Examining Hirsch's Criticism of Superconductivity in Carbonaceous Sulfur Hydride (C-S-H)


    Recently, a paper on high-pressure superconductivity in the C-S-H system [1] by R. Dias et al. has been published in Nature as the first room-temperature superconductor. There are still several problems to be clarified, such as the identification of the superconducting material, follow-up tests by other groups, and identification of the crystal structure.
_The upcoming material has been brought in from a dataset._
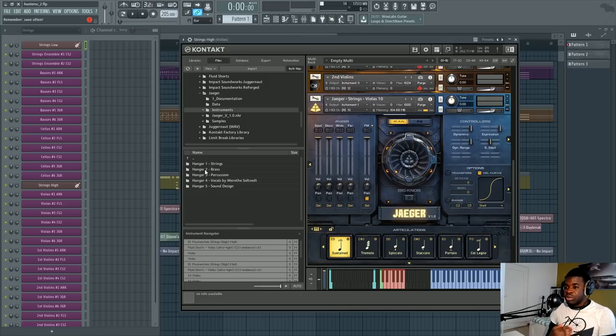I recommend going to Audio Imperia's website and checking out all the demos they made for Jaeger, because I'm just one composer and my opinion is relative to my style. For example, my friend Jean-Gabriel Renault — one of the most insane composers, whose music is super orchestrated — tried this library and was blown away. He says it's one of the best orchestral libraries he ever tried. I don't orchestrate in the same way, so I don't have that same thought, but it's still one of the best libraries I ever tried — probably second best, behind Metropolis Arc 1.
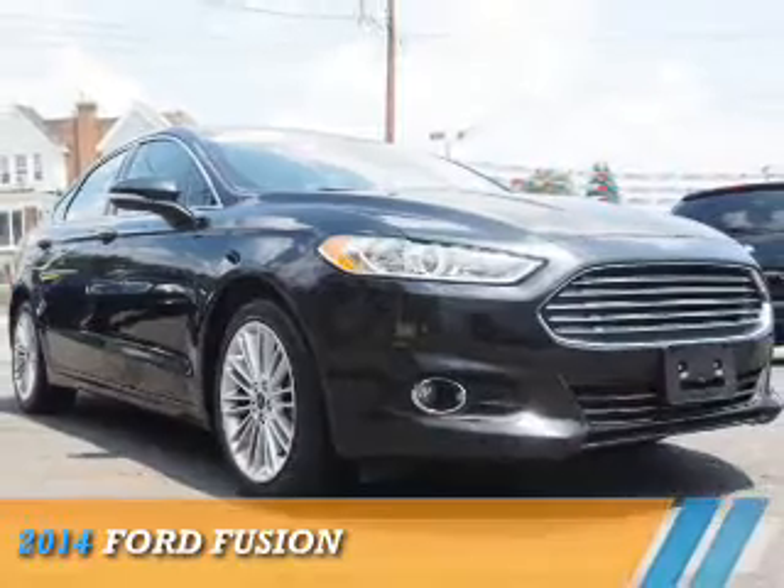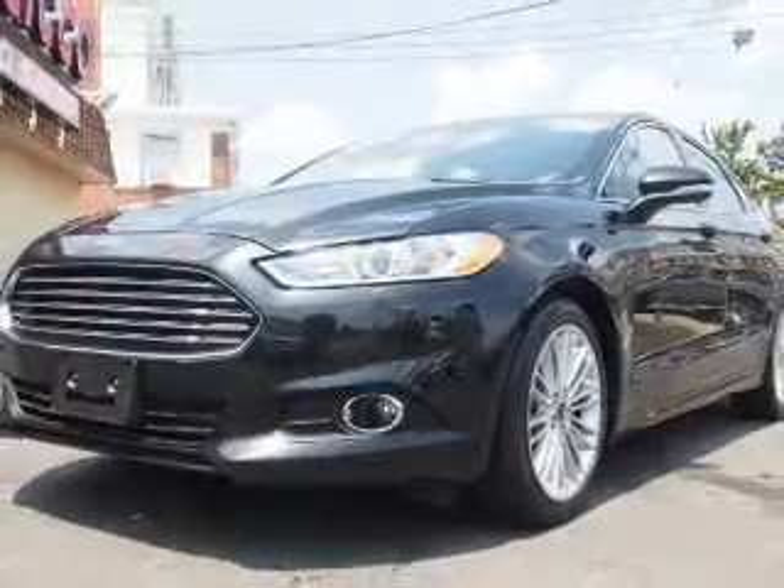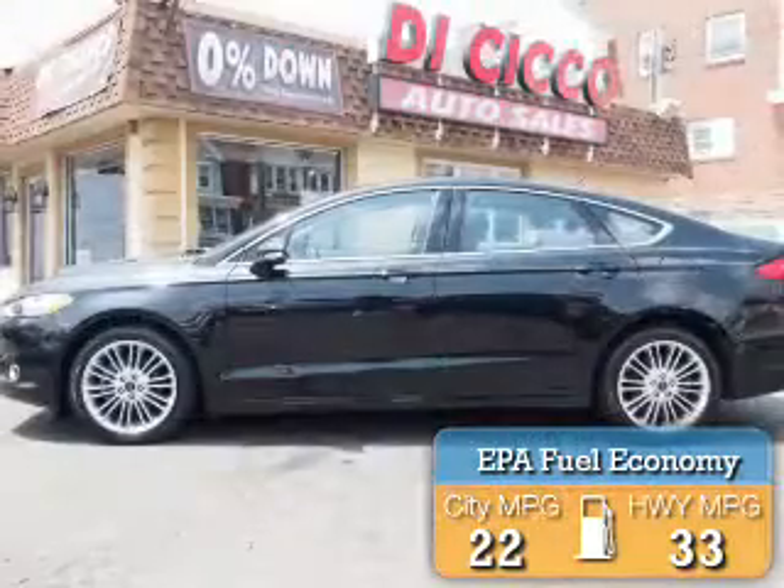Presenting the 2014 Ford Fusion. It's powered by a 2 liter engine. Great fuel efficiency saves you money by requiring fewer trips to the gas station.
However, one of the reasons for the attention is that the paper has been exposed to criticism such as "Is the data reported in Nature real?". 

    This criticism has been made mainly by the American physicist, J. E. Hirsch, who has made various criticisms, including that "the transition in electrical resistance is not broadened by applying the magnetic field", "the behavior of the magnetic susceptibility is similar to previously reported results for Eu high-pressure superconductivity", and "raw verification data was not provided to Dias et al." [2]. On the other hand, Dias et al. also made various objections, such as that "We had no data to provide to Hirsch, a troll who criticized the BCS theory, the standard theory of superconductivity", and "Hirsch did not understand experiments under high pressure" [3]. This debate has been fiercely contested, with Hirsch's critical paper being withdrawn because he took the liberty of including his private correspondence with Dias et al. in his critical paper, and the Eu high-pressure superconductivity paper [4], in which Dias's collaborators were involved, being retracted.
    In this article, I would like to focus on the latest critical paper by Hirsch [5].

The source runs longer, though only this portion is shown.